__Material provided__:
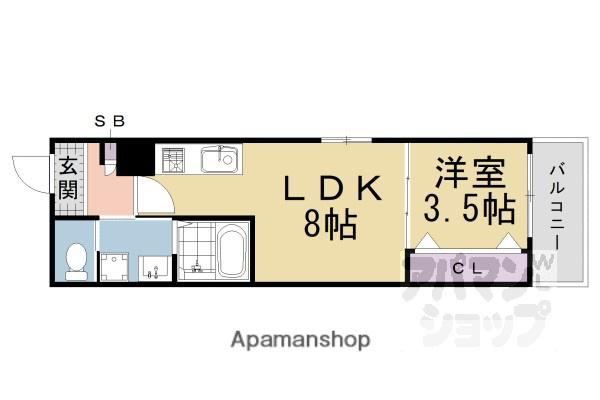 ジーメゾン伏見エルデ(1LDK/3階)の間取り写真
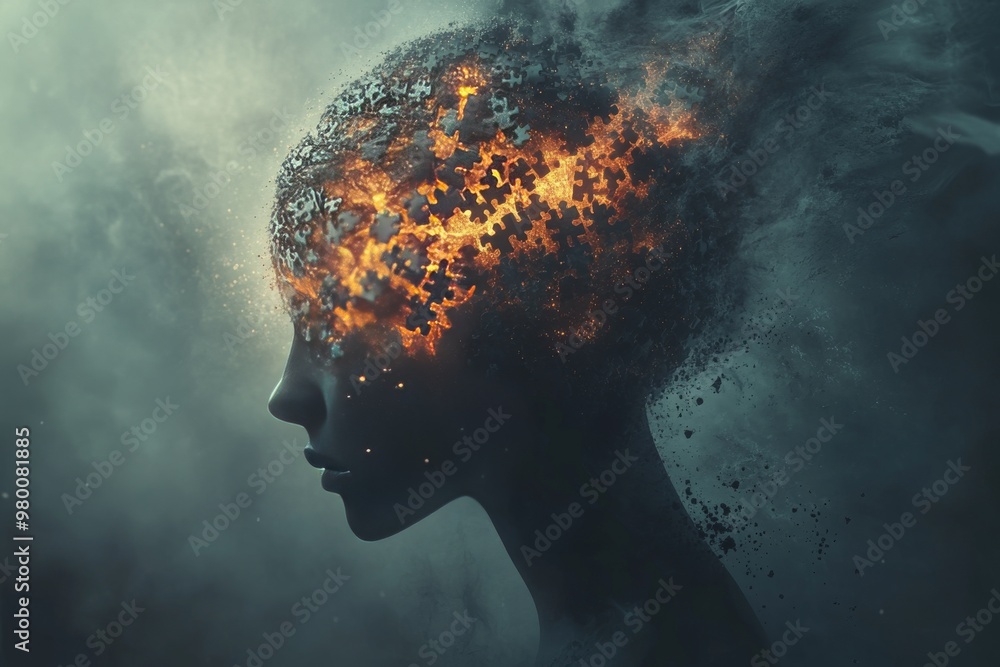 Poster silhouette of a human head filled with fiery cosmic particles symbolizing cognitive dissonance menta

...

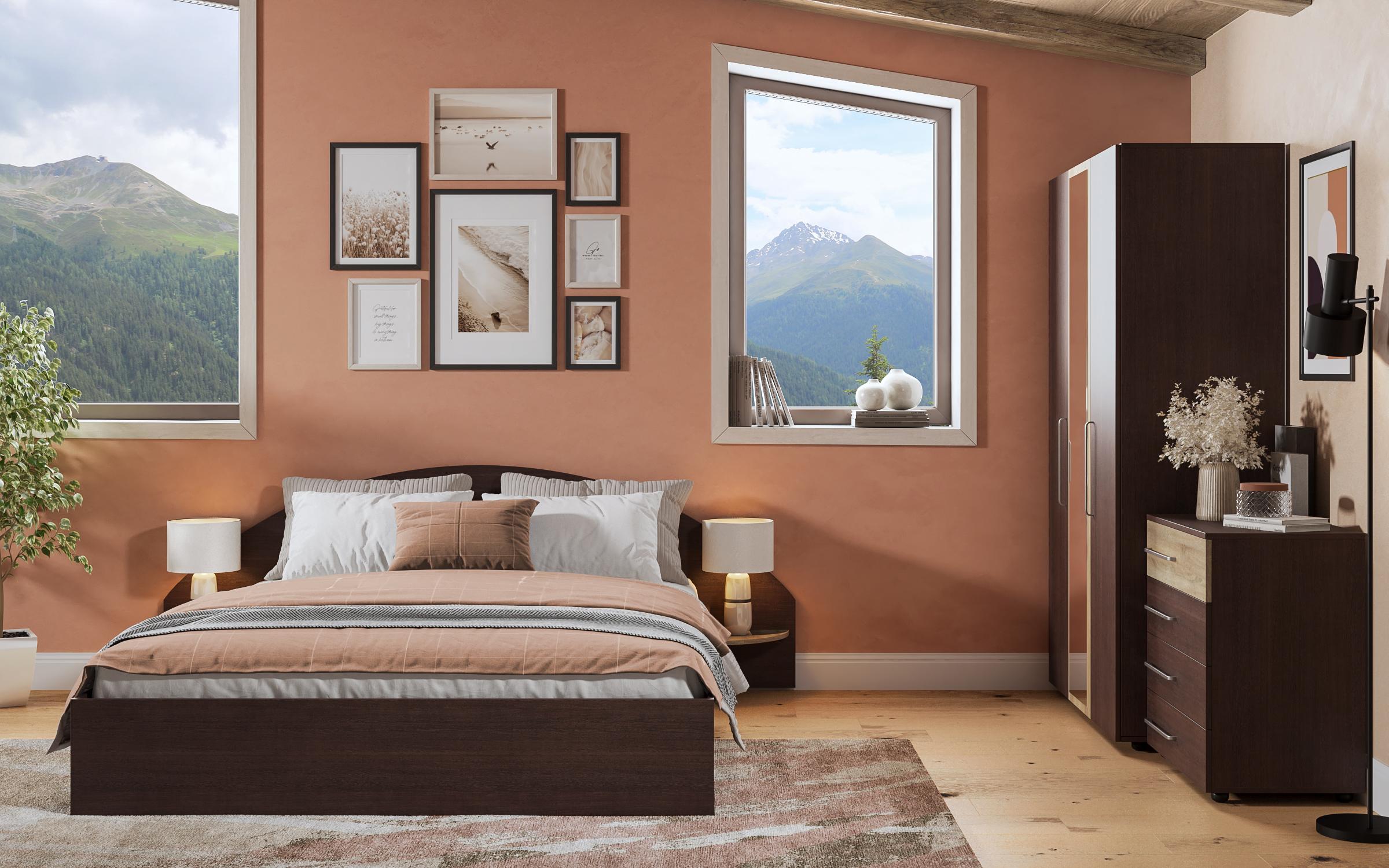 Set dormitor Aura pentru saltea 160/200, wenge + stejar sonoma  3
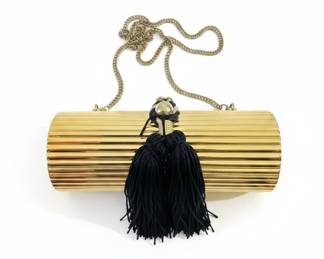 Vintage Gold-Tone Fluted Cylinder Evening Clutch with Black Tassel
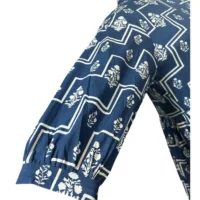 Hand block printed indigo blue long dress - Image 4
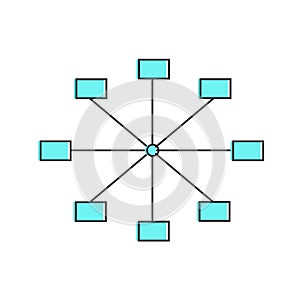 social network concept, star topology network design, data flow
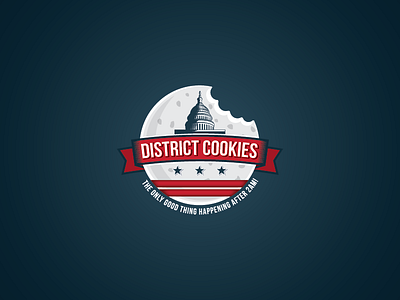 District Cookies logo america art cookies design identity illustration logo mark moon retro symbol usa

* * *

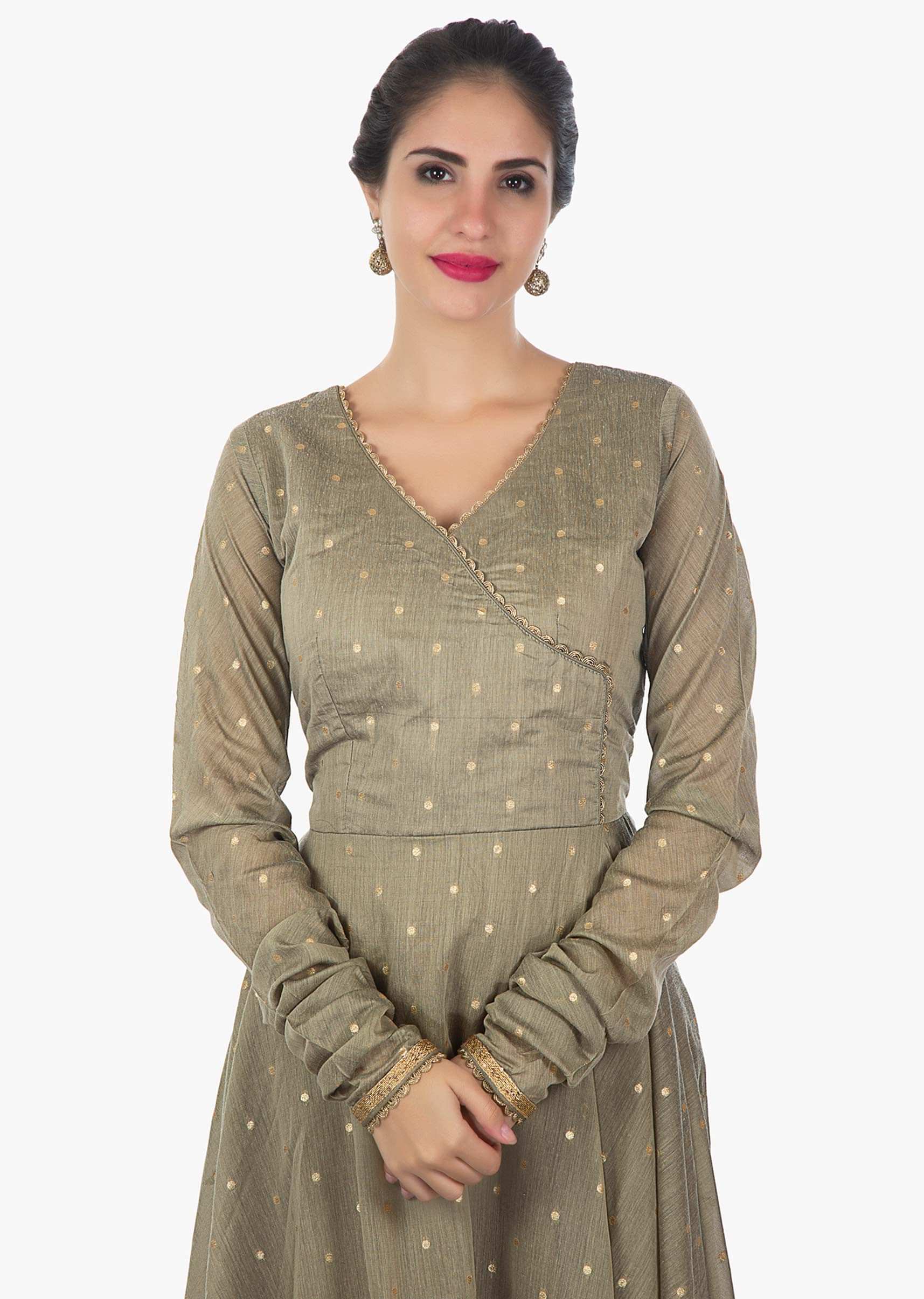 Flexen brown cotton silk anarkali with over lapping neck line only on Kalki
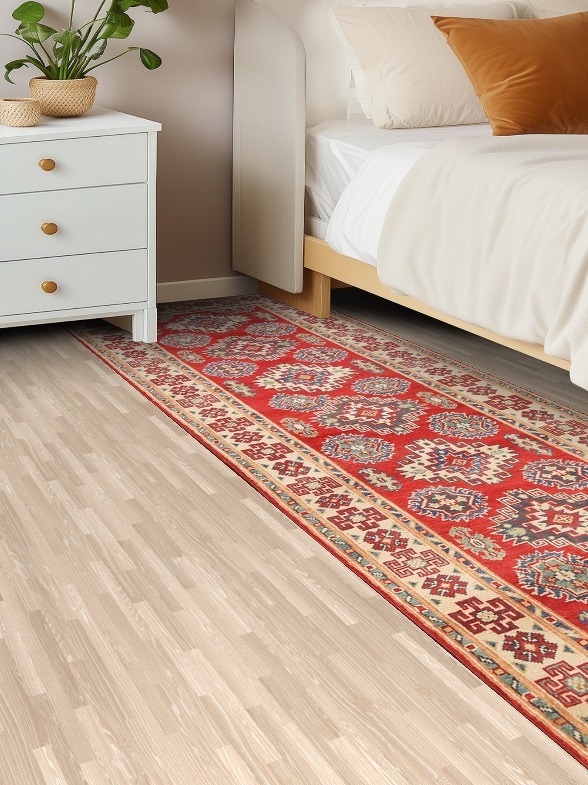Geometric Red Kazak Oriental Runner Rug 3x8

__What you are asked to do__:
Using the entries above, transcribe every line from the line containing "Set dormitor Aura" through the line containing "District Cookies logo". Do not copy pictures.

__Completed exercise__:
 Set dormitor Aura pentru saltea 160/200, wenge + stejar sonoma  3
 Vintage Gold-Tone Fluted Cylinder Evening Clutch with Black Tassel
 Hand block printed indigo blue long dress - Image 4
 social network concept, star topology network design, data flow
 District Cookies logo america art cookies design identity illustration logo mark moon retro symbol usa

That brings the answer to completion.